Like Amy, early on in my life I fell in love with the way movies made me feel; how all these elements could come together and move a group people—even change people. Before I lost all my baby teeth or knew how to write cursive, I already was putting on shows with my Barbie dolls on my bedroom floor. By the time I was 10, I had a notebook full of novel ideas and chapters, pieces of movie and television scripts, and short plays. I wrote and devoloped a television series about a group of pre-teens living on the beach before I even had boobs. I remember asking my mom and dad to use the family computer to type all of these scripts and chapters, printing out pages and pages of stories and sticking them in Lisa Frank folders (that I still have… it’s hilarious). Kids were asking for Polly Pockets and Easy Bake ovens, and I was the kid asking for a typewriter.
My friends would come over after middle school, and we would re-enact scenes from Hannah Montana in the living room for our parents. On a shitty flip-cam that I got for Christmas one year, my neighbors and I would record ourselves singing songs we wrote in spiral notebooks that were falling apart from being written in so much. We even took turns strumming my small green guitar that we had absolutely no idea how to actually play.
When I picked up a much better (but still shitty) camera at the age of 12 and made my first semi-real video with a friend, we decided to post it on YouTube for fun. I later found a video editing software that came with my laptop, and started experimenting with more videos. That’s when it really began.
I started making and filming my own original skits—then music videos—then movie scene re-makes—then my own short films. I gained a YouTube following and started building relationships with people in the online community who loved doing the same thing. My interest in being in front of the camera began to grow as well. During my first year of middle school in sixth grade, my mom encouraged me to try out for the school play. I won best actress for my role as the school nerd that year, and tried out and acted in the plays every year after that. I continued to do theatre all throughout high school, making friends and falling in love with the costumes and characters and stories; both performing and directing. I took what I knew from the stage, and let it inspire me to do some of the same things on camera—and I loved it.

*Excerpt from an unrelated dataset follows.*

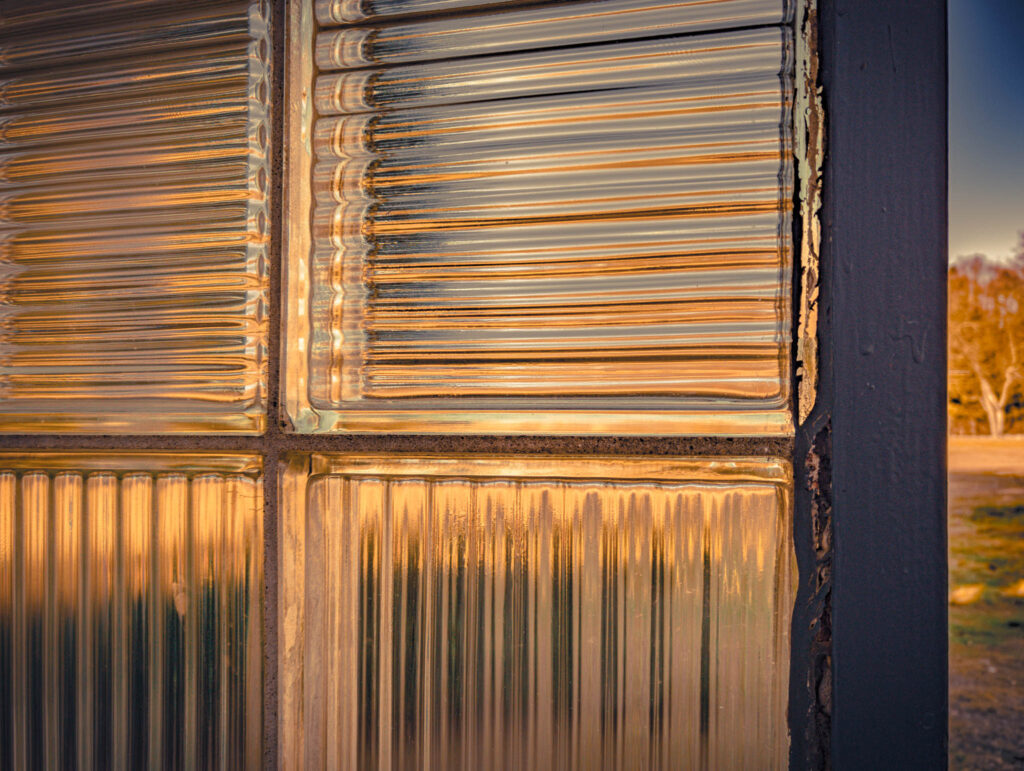 Gropius House, Lincoln, Massachussetts, b. 1939, Walter Gropius archit. (photo November 29, 2025): glass brick wall detail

In one of my first production classes in college, it hit me: I was developing and writing treatments before I knew what they were, and shooting low angles and high angles and rack focusing before I even knew they had names. I was a writer, producer, and sometimes actor, and I didn’t even know it. I was just doing what I loved.

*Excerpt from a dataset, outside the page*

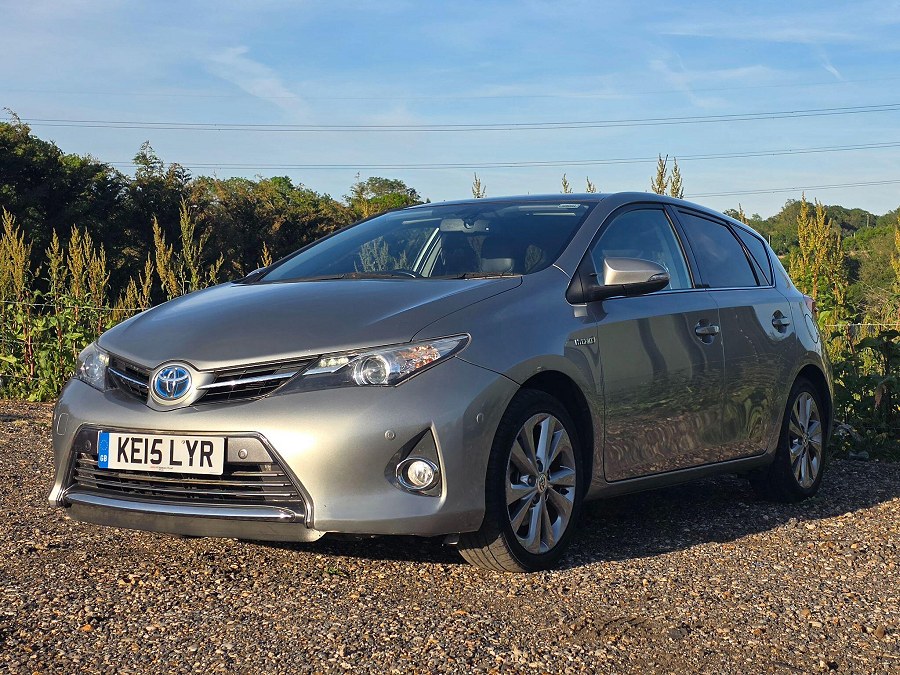 2015 Toyota Auris photo 5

As I got older, I realized it wasn’t just the act of movie-making that I loved.
It was storytelling.
As you can see—I used the word “love” at least four or five times while explaining my story.

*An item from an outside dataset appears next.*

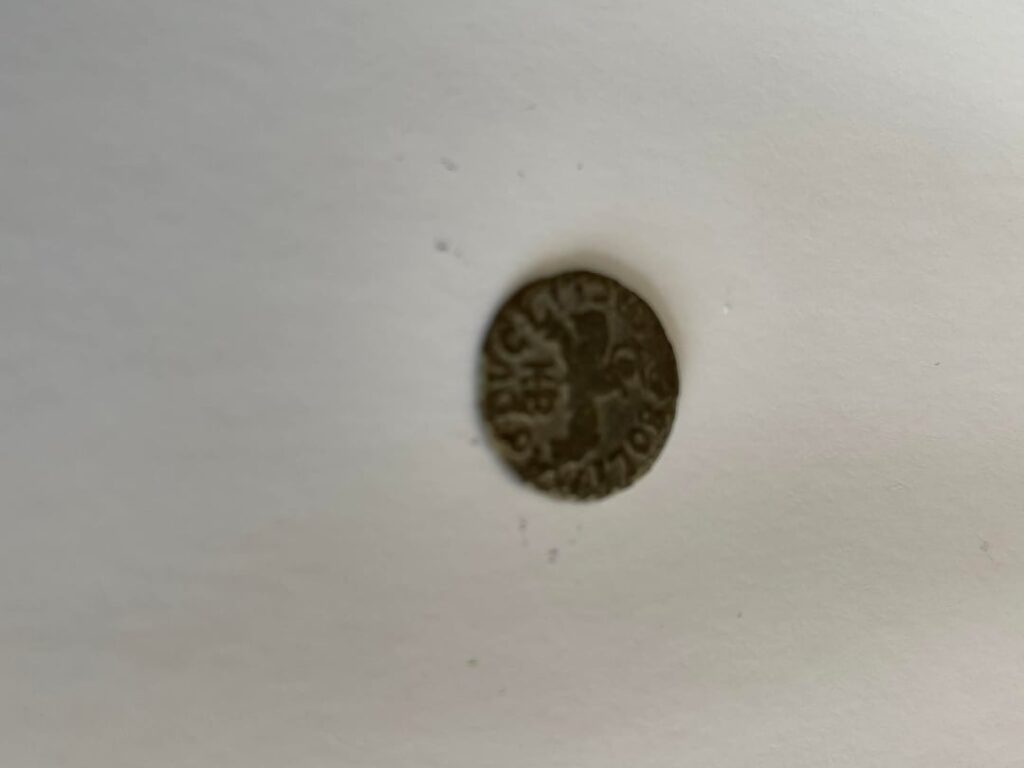Can anyone recognize these coins?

And if that doesn’t say something, I don’t know what else does.
When Amy told us yesterday to get clear on what we want by tuning in to what we love instinctively—it only solidified the answer for me.
Storytelling runs through my veins; it’s constantly on my mind and in my heart.
But I’m still pretty confused.
I mean—I’m 20.
Storytelling is a very broad term. I like a lot of things—so many things that I don’t know exactly what I want to do yet. I don’t know where to start. I want to act. I want to talk and discuss. I want to write. I want to develop. I want to produce. I want to direct.
At my internship this summer, I love being there. I like what I’m doing and how much I’m learning. I’m working hard.
But in the midst of Amy talking, I realized something right then and there.
There are two different kinds of hard work. There’s the kind of work where you try hard because you want to appear good, be good, or look good.
And then there’s the kind of work where you’re working hard and you don’t even realize it. Where you stay up all night (like right now on the living room floor writing this) to perfect something, or understand something, or finish something. Where you work hard because you want to discover, or find, or build, or be better; because you want to make something the best that it can be.
You’re working hard for yourself.
And I realized the second is the one we’re supposed to chase after.
I found that where I worked my hardest, is creatively.
Using my brain to create. To problem solve with my eyes, heart, and mind. To figure out where something should be placed, or what to capture, or how something can be told. To strategize how it can be marketed and advertised and sold. To execute visions, and write ideas. To bring something inspiring to the world. And it’s what what feels right to me.
I don’t know where I’m going yet.
But I do know that feeling is what I’m going to follow.